Keywords: polymorphism, deiodinase type 2, behavior, cognition.


Resumen

Las hormonas tiroideas son esenciales para el desarrollo y mantenimiento de los órganos y tejidos. La enzima deiodinasa tipo 2 es la principal responsable de proporcionar la hormona activa (T3) para los tejidos. Diversos polimorfismos en su gen - DIO2 - correlacionan positivamente con alteraciones en el comportamiento, pero no está claro cómo la presencia de polimorfismos conduce a estas condiciones. Se sabe que varios factores pueden contribuir al empeoramiento o facilitar la aparición de procesos de demencia, déficit cognitivos y trastornos neuropsicológicos. A pesar de los numerosos estudios publicados sugieren fuertemente la existencia de correlaciones entre DIO2 polimorfismos y trastornos de conducta, no se han identificado los mecanismos implicados. Esta revisión tiene como objetivo llenar esta brecha y fueran criadas hipótesis acerca de las vias por las cuales suceden estas asociaciones. Se sugiere que el estrés oxidativo, estrés en el Complejo de Golgi, reducción en la expresión del conjunto de genes involucrados en la vía de señalización del Receptor del Factor de Crecimiento Epidérmico (EGFR) y en la vía del metabolismo del peptídeo beta-amilóide y alteración de la actividad catalítica de la D2 con la consiguiente alteración de los niveles séricos de T3 y T4 pueden contribuir para el desarrollo o empeoramiento de estas enfermedades.

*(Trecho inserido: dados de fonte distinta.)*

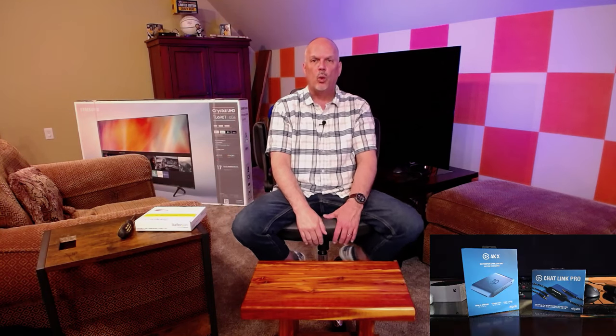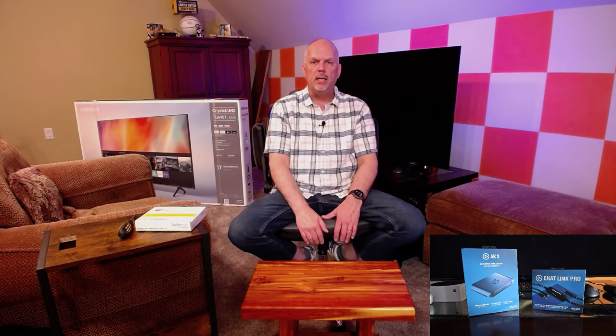We are going to get this card installed in that computer. Currently it's behind the television because I have it hooked up to my new Samsung S90D. This OLED TV is phenomenal, but I've talked enough about that, so let's move on. We're going to get it unconnected from the back of this TV, get the card installed, set it back up, and then get the software installed and prepped for the Elgato 4KX USB capture card that I have coming.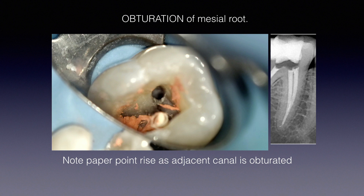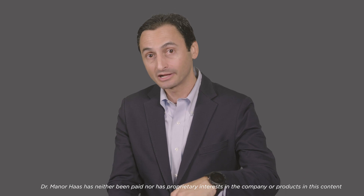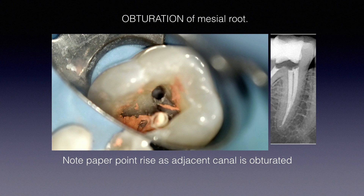I want to obturate the mesial root of this particular tooth because you can see how the mesial canals merge apically. You might wonder: how do you obturate one canal when the other joins it? Note there's a paper point in the bottom mesial canal. As I place the gutta-percha in one canal, watch that paper point — it actually rises up. That's because as it fills one mesial canal that joins the other, it backfills the second canal rather than extruding apically.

Palabras clave: polimorfismo, tipo 2 deiodinasa, comportamiento, cognición.


 

 

Introdução

Os hormônios tireoidianos (HT) são essenciais para o desenvolvimento, crescimento e metabolismo de todos os vertebrados e seu aporte adequado é fundamental para o crescimento, diferenciação, regulação da atividade e metabolismo de órgãos e tecidos inclusive na vida adulta. Sua forma ativa, T3, é disponibilizada aos tecidos principalmente através da ação da enzima desiodase tipo 2 (D2).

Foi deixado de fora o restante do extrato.